# IRSTXOR - Editorial

Author: Semal Sherathia
Tester: Felipe Mota
Editorialist: Alei Reyes

SIMPLE

# PREREQUISITES:

Greedy, Bit-Manipulation

# PROBLEM:

You are given an integer C. Let d be the smallest integer such that 2^d is strictly greater than C.

Consider all pairs of non-negative integers (A,B) such that A,B \lt 2^d and A \oplus B = C (\oplus denotes the bitwise XOR operation). Find the maximum value of A \cdot B over all these pairs.

# QUICK EXPLANATION:

We can think greedily here in terms of bit representation and see that when two numbers are as close as possible to each other, they yield maximum product given their sum is constant.
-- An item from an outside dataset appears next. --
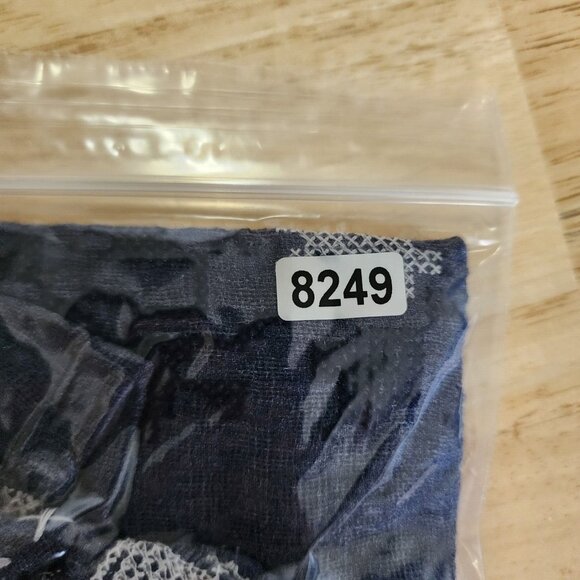 Hazel Women's Long Balloon Sleeve Tie V Neck Oversized Top Embroidered Blue Sz M - Picture 15 of 15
So, to make them close as possible , we can set MSB (which is set in C) in A, and all other set bits in C we can set in B to make them both closer. And for every unset bit in C , we can set that bit in both A and B to make it max possible number.

# EXPLANATION:

You would need basic XOR concept to understand this problem. The XORed result has either two kind of bits in binary representation.
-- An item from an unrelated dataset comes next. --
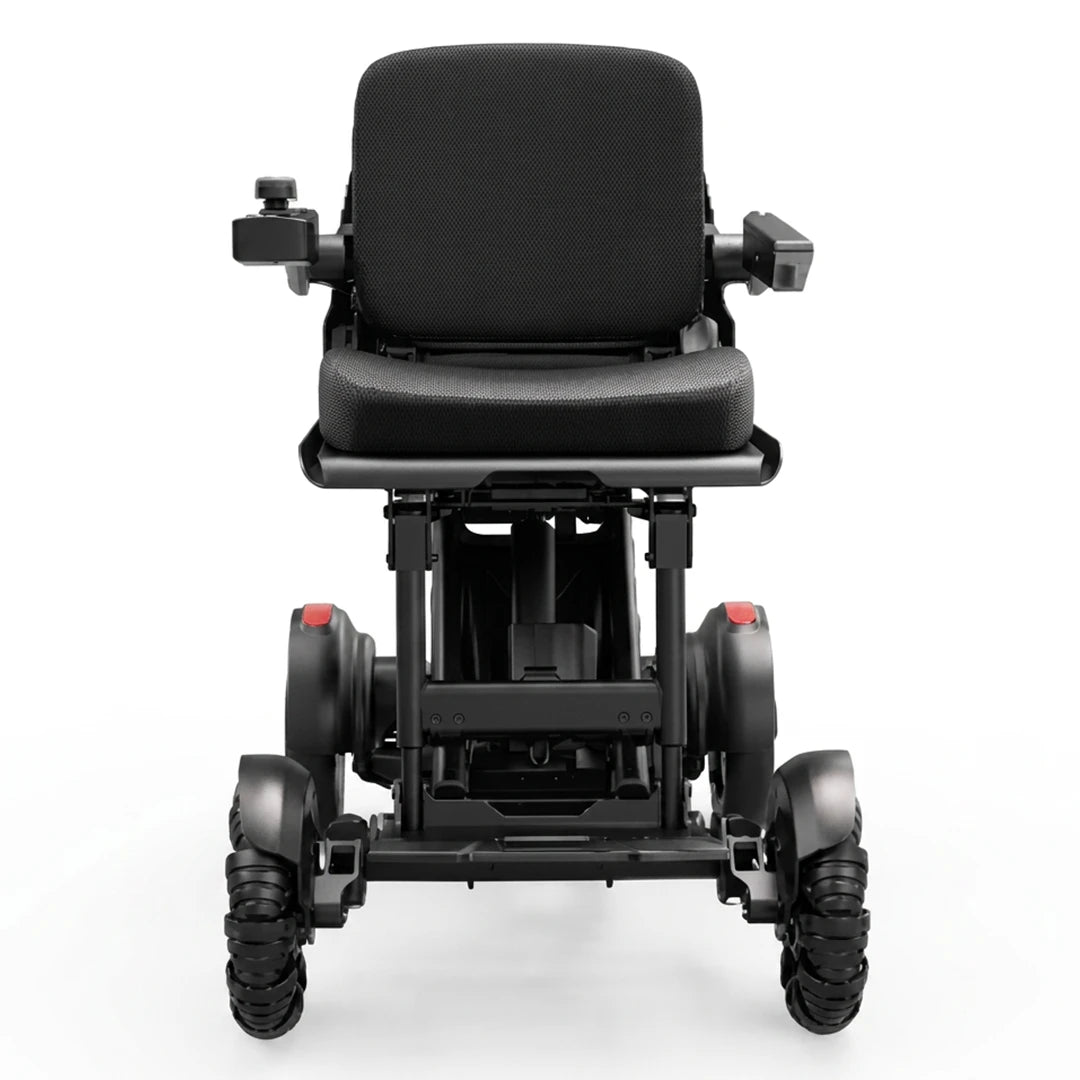 Vista frontal de la silla de ruedas eléctrica con tecnología Smart Balance que compensa el equilibrio en las inclinaciones del terreno dortomedical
If ith bit is 0 in C then ith bit of A and B should be either 0 or 1 in both the integers. Since we need maximized product so we will always set ith bit = 1 in A and B whenever ith bit is 0 in C.

Now interesting case comes when ith bit is 1 in C. We know that either one of A or B has ith bit set and other unset. If you list put every possible combinations you will notice that the sum of A and B remains constant. And when sum of A and B is constant we get maximum product when A and B are at close to each other.

Eg A+B = 6.

Possible Combinations :

  A      B      Product
1      5         5
2      4         8
3      3         9


So we get max product 9 when A and B are very close to each other.
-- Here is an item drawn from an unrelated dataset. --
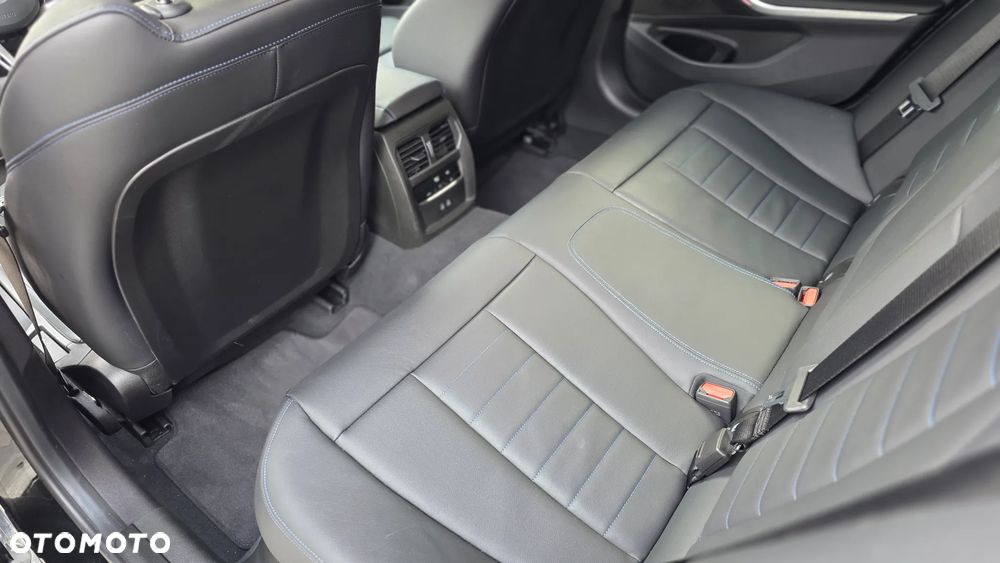 BMW Seria 3 330i xDrive M Sport sport - 19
So to make A and B close to each other, we apply greedy approach and it goes as follows :

For MSB set bit in C we will set that bit in A and for all the other set bit in C, we will make that bit set in B. So that A and B are close to each other and product maximises.

Let’s see one such example.
C = 13 , Binary representation : 1101.

When iterating from right to left in binary of C, we get first MSB set in C, so we will set that in A. Following bit is also set but now onwards whenever set bit is present in C, we will set that bit in B to make them both closer. So, 2nd and 4th bit (from right side) in C is set and likewise we should set in B. Now the 3rd bit is unset in C, so we will set that bit in both A and B to yield maximum number itself.

After this logic, we have A as 1010 in binary (10 in decimal) and B as 0111 in binary (7 in decimal). And the maximum product will have to be 70.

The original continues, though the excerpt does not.